Is your waistline scaling up as rapidly as your business plan? If the standup desk or walkabout meetings just aren’t doing it, here are a few deskercises you can do to fight the battle of the bulge:
Wall Sit Arm Curl: Work out both your legs and your arms simultaneously with this simple exercise. With your back up against an empty wall, slowly slide down until your legs are bent to 90 degrees. Bend your elbow and lift your “weights” — substitute with a water bottle or soda cans in the office — toward your shoulders and then lower. Do a set of 15 arm curls before returning to your standing position.

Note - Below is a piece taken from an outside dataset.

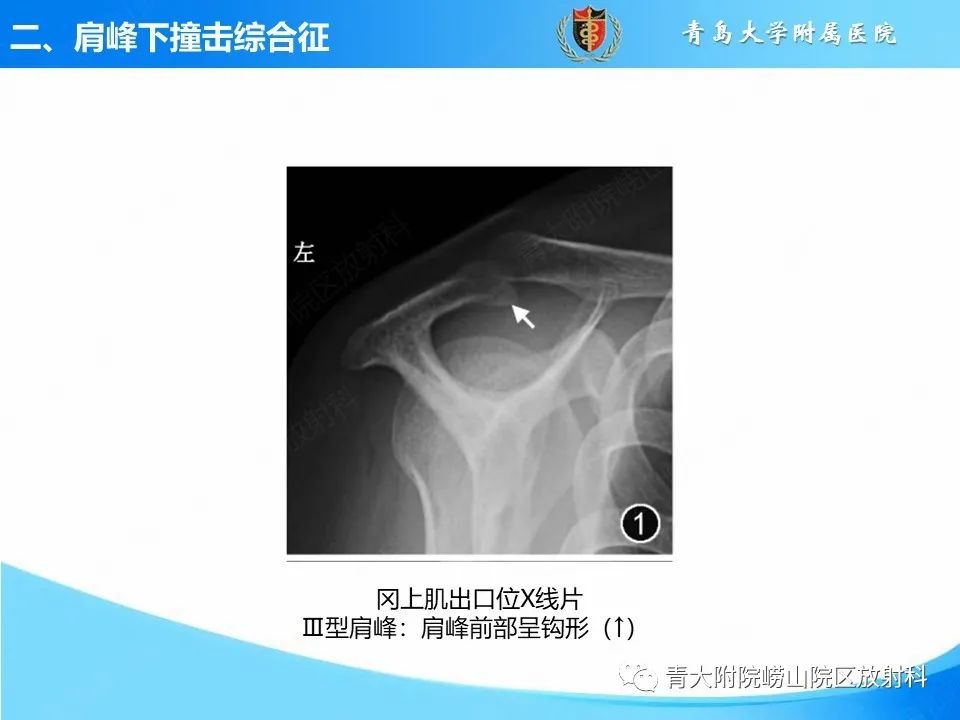 影像PPT - 【PPT】肩关节撞击综合征的影像评估-16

Calf Raise: Slowly stand up on your toes, keeping your knees straight and your heels off the floor. Hold briefly and then come back down. Repeat 25 times to feel the burn. Feeling ambitious? Try doing this one leg at a time.
The Tricep Desk Dip: Work out your triceps with an easy move that’ll leave you feeling sore the next day. Facing away from you desk, place your palms on the edge of the desk and butt on the edge of your desk. Keep your feet together, bend your elbows until they are bent at 90 degrees, and then push back up. Do this 20 times.

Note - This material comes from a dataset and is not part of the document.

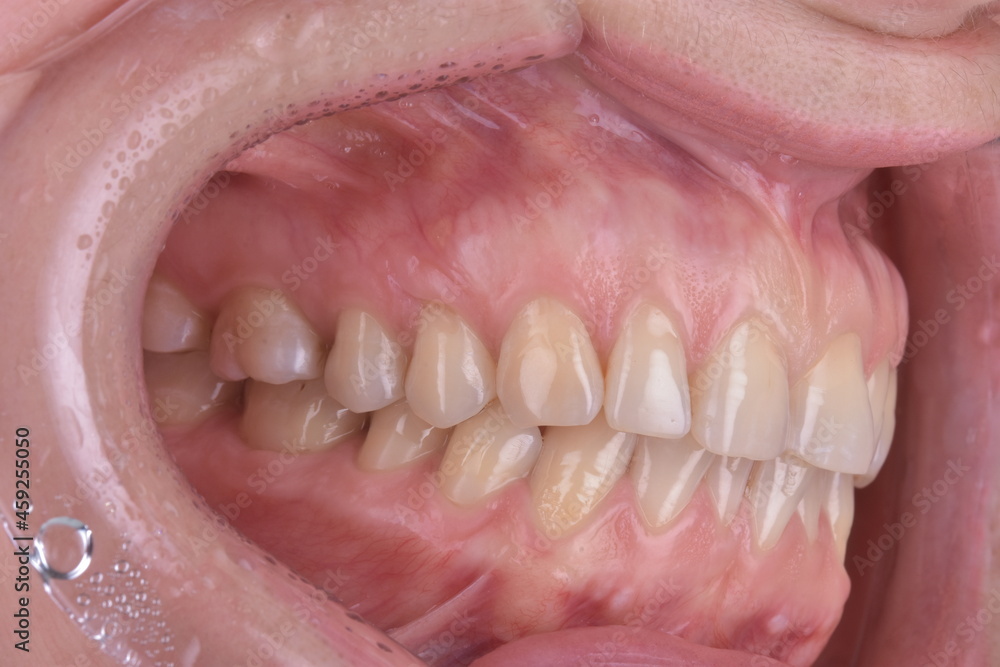 Obraz premium Tooth In-oral Photo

The Wooden Leg: While you’re sitting in a chair, extend one leg straight out in front of you and hold it for two seconds. Then raise it as high as you can and hold that position for two seconds. Repeat this 15 times with each leg.

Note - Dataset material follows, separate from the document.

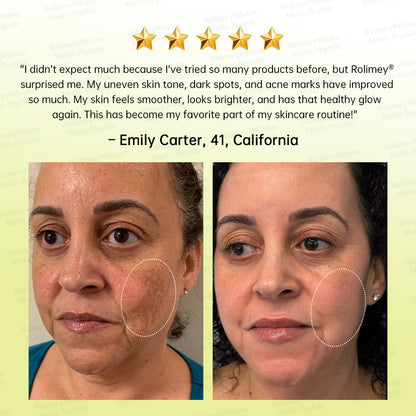 💐🌿🌟Rolimey® Multi-Peptide Retinol Shot Wrinkle-Lift Cream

The Desk Chair Swivel: If you’re lucky enough to have a swivel chair, it’s time to put it to good use. Sit straight up, and, with your feet hovering above the floor, grip the edge of your desk with your fingers and thumb. Use your core to swivel the chair from side to side. Do this 15 times.
Other tips to stay fit include parking farther away from your building so that you have a longer walk to the office, taking the stairs, or biking to work to ensure you’re doing your best to keep healthy during your busy workday.